▸ Task instructions: The line containing "- TurboSquid 1558490" marks the start of the required copy, which runs to the final line of the entries; return those lines exactly, without any pictures.

[Records provided Boundary: Start]

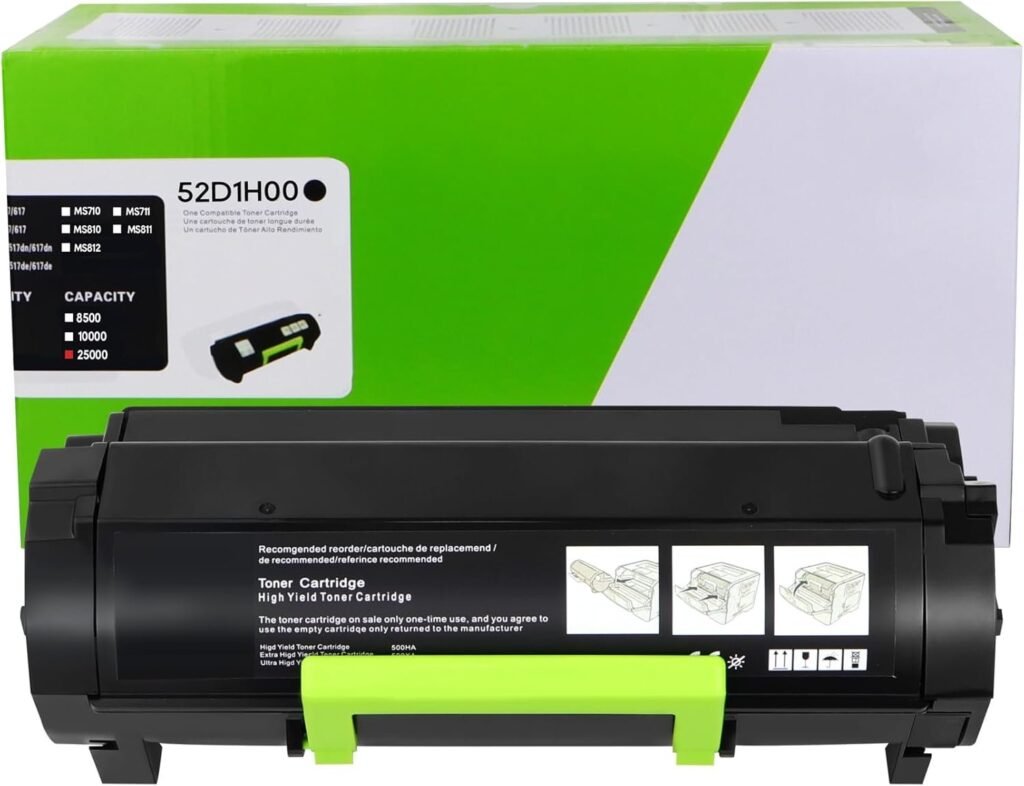 Cartucho de Tóner 52D1H00 Compatible con Lexmark – Alto Rendimiento
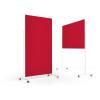 MAGNETOPLAN Design-Moderatorentafel VP 1181106 Filz, rot 1000x1800mm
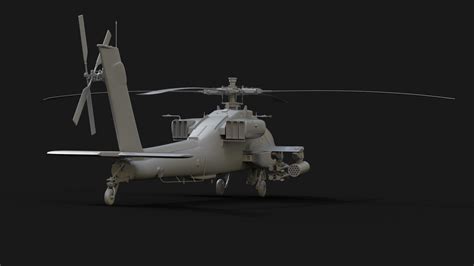 Apache Helicopter Model - TurboSquid 1558490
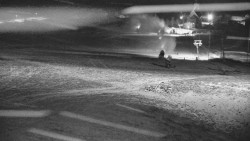 Horní část sjezdovky skiareálu Hlubočky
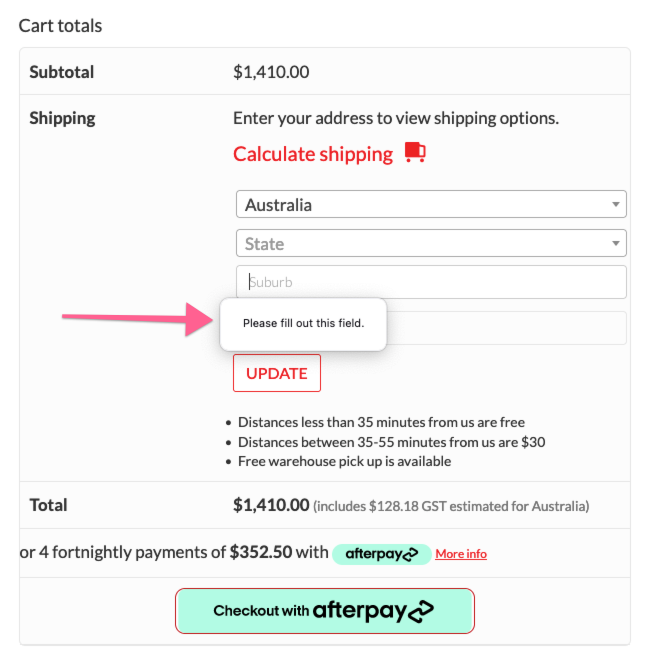 Woocommerce Compulsory Shipping Fields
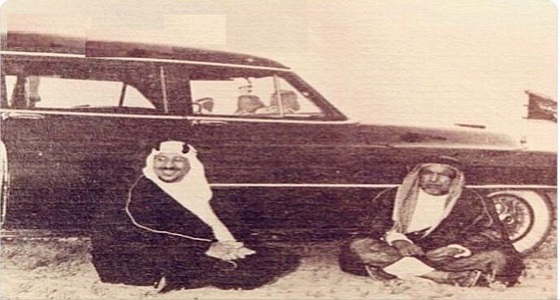 صورة نادرة للملك سعود وأمير الكويت التقطت في مثل هذا اليوم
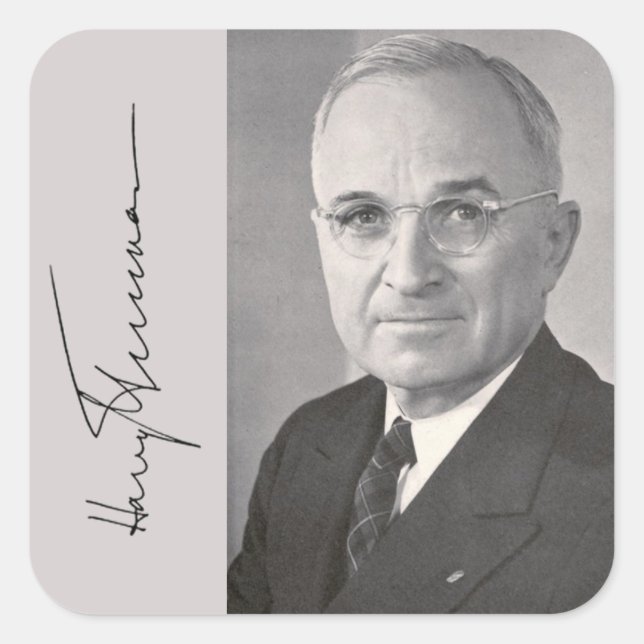 Harry Truman Sticker (Front)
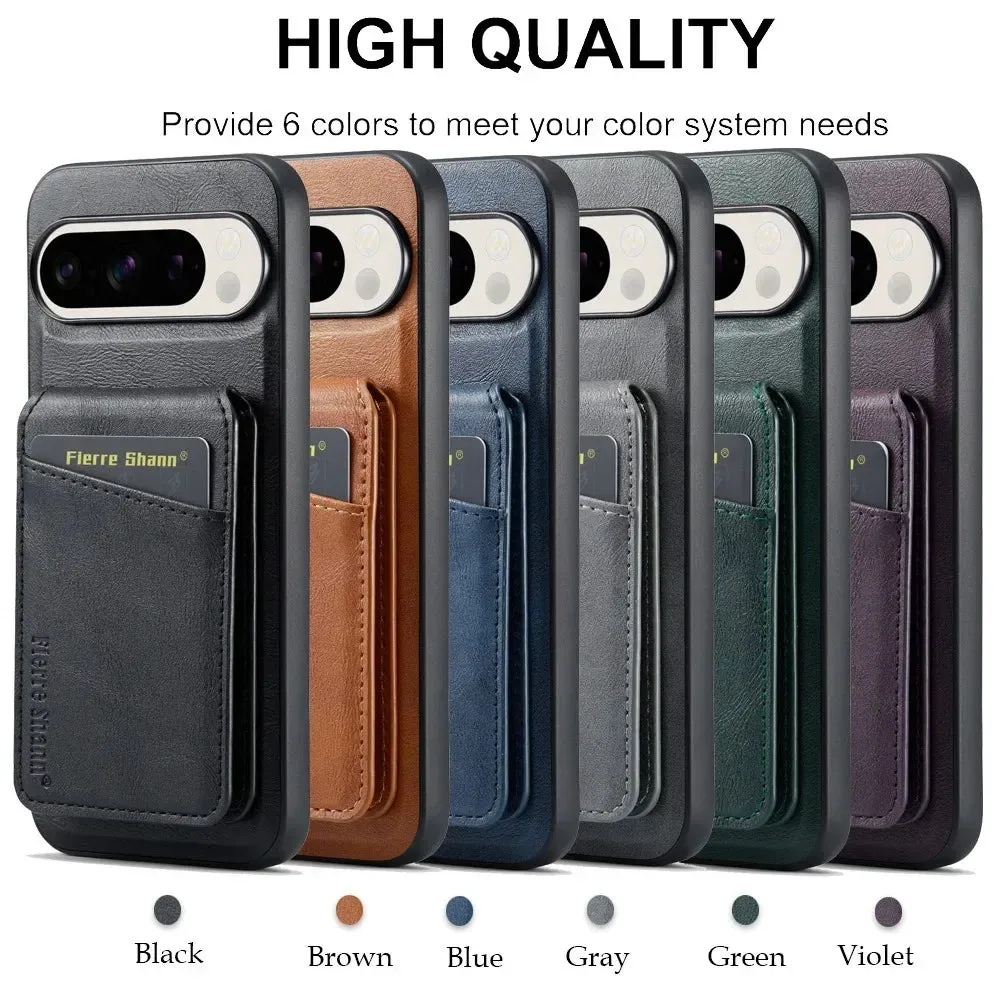 Detachable 2-in-1 PU Leather Wallet Magnetic Phone Case With Card Slot Holder For Google Pixel 9 8 7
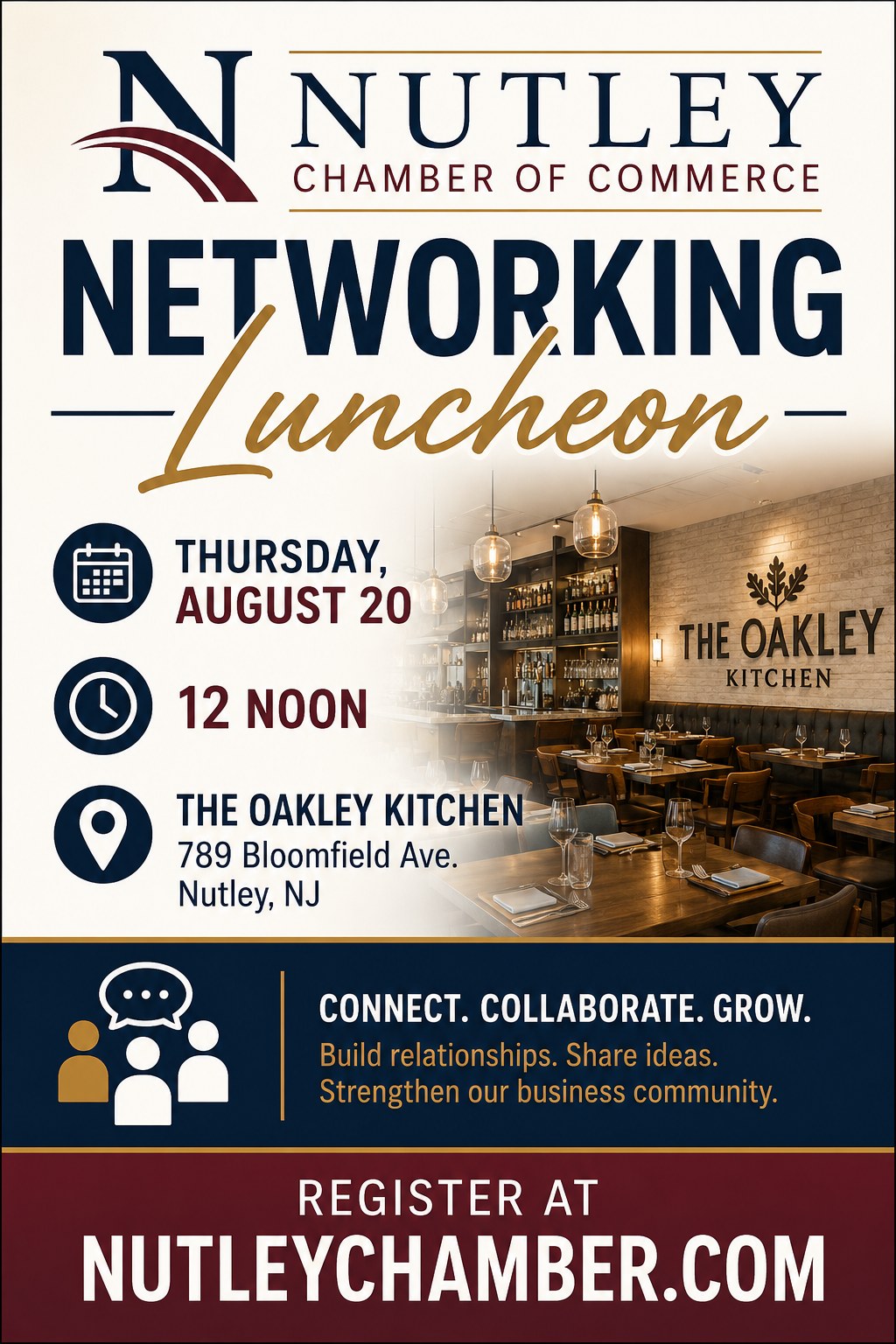 Nutley Chamber – Nutley Chamber Networking Luncheon
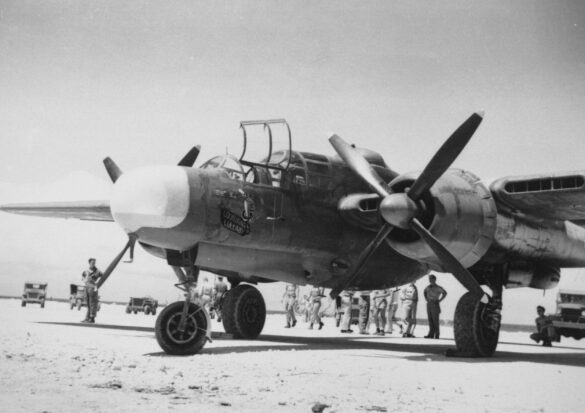 P-61 Black Widow: History, Variants, Combat Units & Modeling Guide P-61 A of the 6th NFS stop over at Kwajalein en route to Saipan 10 June 1944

[Records provided Boundary: End]

▸ Response to this exercise:
 Apache Helicopter Model - TurboSquid 1558490
 Horní část sjezdovky skiareálu Hlubočky
 Woocommerce Compulsory Shipping Fields
 صورة نادرة للملك سعود وأمير الكويت التقطت في مثل هذا اليوم
 Harry Truman Sticker (Front)
 Detachable 2-in-1 PU Leather Wallet Magnetic Phone Case With Card Slot Holder For Google Pixel 9 8 7
 Nutley Chamber – Nutley Chamber Networking Luncheon
 P-61 Black Widow: History, Variants, Combat Units & Modeling Guide P-61 A of the 6th NFS stop over at Kwajalein en route to Saipan 10 June 1944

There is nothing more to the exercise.